Dos realidades enfrentadas, dos formas de educación, dos maneras de ver y vivir el mundo.
La víctima: un joven que, como muchos, decidió enfrentar la vida con dignidad. Se levantaba cada día a buscar el sustento, a ganarse el pan con esfuerzo, a sumar al tejido social desde su trabajo. Lo educaron en valores: en el respeto, la responsabilidad, en la conciencia de que nada llega sin sacrificio.
El victimario: otro joven, pero con una historia diferente. Formado —o más bien deformado— en la cultura del privilegio, del “yo hago lo que quiero”, del “usted no sabe quién soy yo”. Alguien que, presuntamente, actuó con sevicia, que habría planeado su acto violento, y que ahora, gracias a sus conexiones y al amparo de un sistema que protege a los poderosos, paga su crimen desde la comodidad del hogar.
Uno aprendió a construir.

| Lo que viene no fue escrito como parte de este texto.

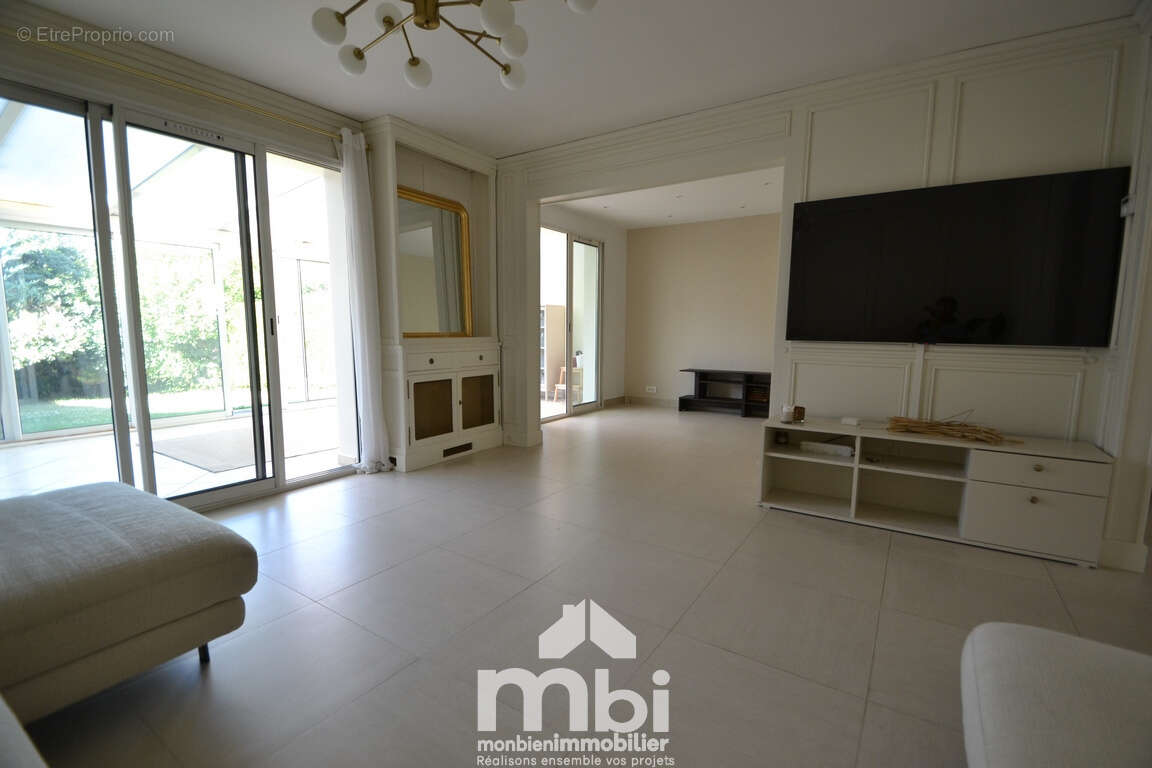 Maison à MARLY-LA-VILLE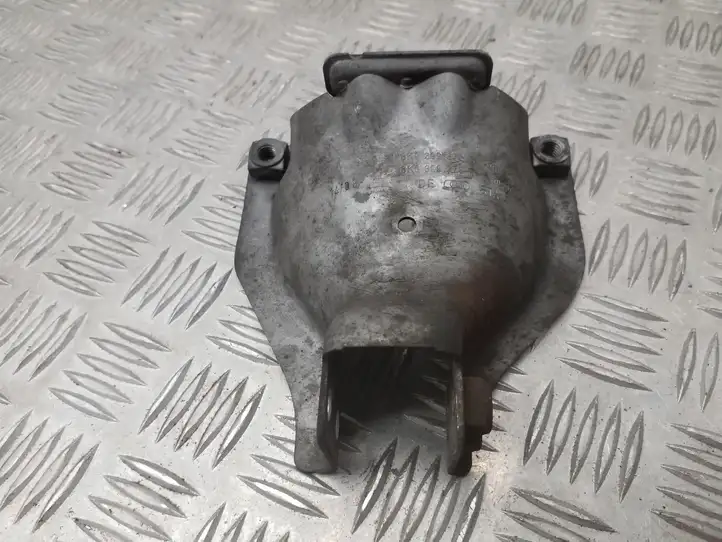 Audi A4 S4 B8 8K (2007 - 2011) 8K0399378S Кронштейн двигателя — фото 1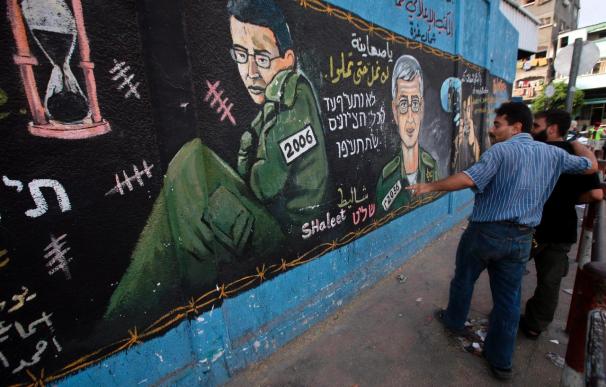 Israel liberará a 20 palestinas a cambio de información sobre Shalit, según Egipto
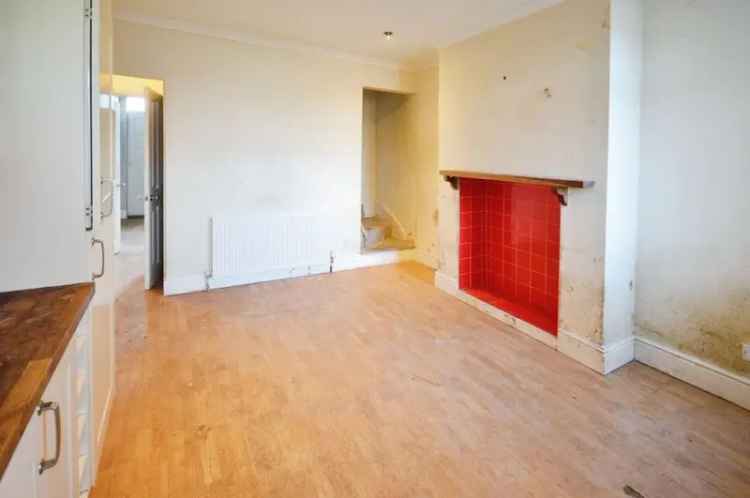 2 Bedroom Mid Terrace House For Sale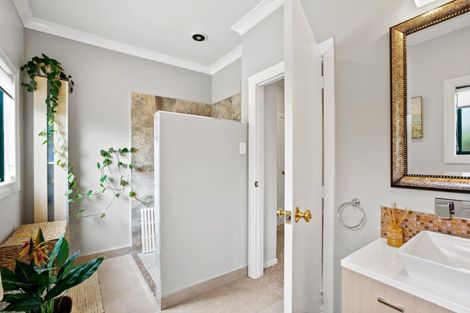 Photo of property in 128 Wairau Road, Oakura, 4314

El otro, a destruir sin consecuencias.
Uno luchaba por aportar. El otro se creyó con derecho a arrebatar una vida.
Este no es solo un caso judicial. Es un reflejo de cómo estamos educando. Hay hogares donde se enseña a respetar, a trabajar, a construir. Y hay otros donde se cultiva la impunidad, la arrogancia, el poder como escudo para la violencia.
¿De qué sirve tanta tecnología, tantos diplomas y tantos discursos si seguimos criando a jóvenes que creen que la vida del otro vale menos que su capricho?
Lo más trágico no es solo la muerte del joven trabajador. Lo más trágico es que como sociedad estamos permitiendo que esa historia se repita. Que sigan habiendo dos tipos de educación: la que forma ciudadanos, y la que fabrica intocables.